3 Tips for Evaluating Small Gift Donors

You know that there are strong reasons to send thank you letters to all donors, regardless of the size of the gifts.  I want to give you some ways to help evaluate small gift donors, in order to see if you can increase giving rates and/or amounts.

1.  Use Groupings to identify "small" gift donors

It's true that some people will give multiple gifts, of varying amounts, and in order to insure that you are looking at "small" gift donors only, you'll need to create a grouping. You'll want to base the grouping on gift size, of course, but just how can you get those who have given ONLY small gifts?
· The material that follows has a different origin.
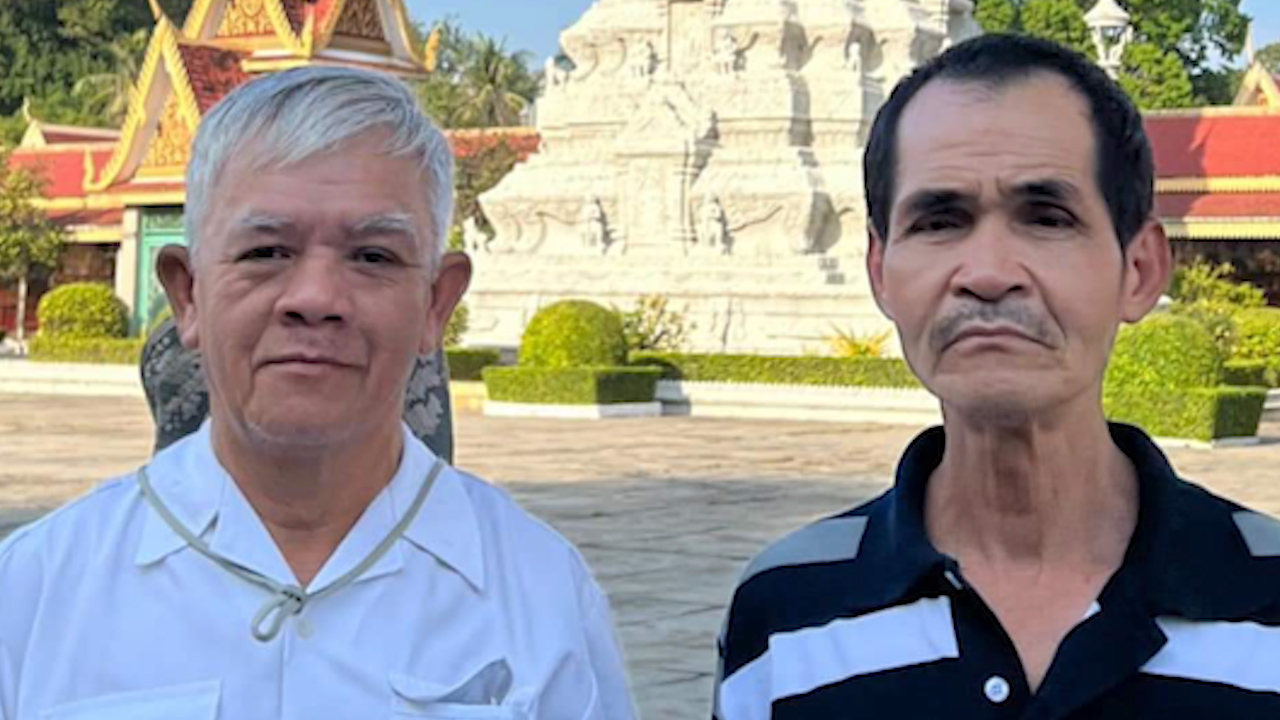 Cảm nhận "Bài thơ về đôi dép" của Nguyễn Vũ Điền - Ảnh 5. Cảm nhận "Bài thơ về đôi dép" của Nguyễn Vũ Điền - Ảnh 5.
Well, first, when you start the grouping criteria, choose the Common Pattern of "All Donors" (date range optional). Then, to isolate it to just those who have only small gifts, click the "Finish Criteria" button, use the "AND" separator, and start a new criteria line. In this line, choose the Gifts tab, and select an "Amount Given" range (in Details tab) of a dollar more than your "small" gift limit (i.e., $21 if you consider $20 or less a small gift) through "blank", and select "Any Single Gift". This sounds counter-intuitive, since it's asking for anyone who has given a $21.00 or greater gift, but hold on. Click the "Finish Criteria" button again, and, this time, apply the "NOT" qualifier to the line.  Now your criteria should read (more of less):  select everyone who is a donor AND who has NOT given a gift of $21 or more. This eliminates both non-donors and those who have given gifts over $20. Now you can use this grouping with various reports.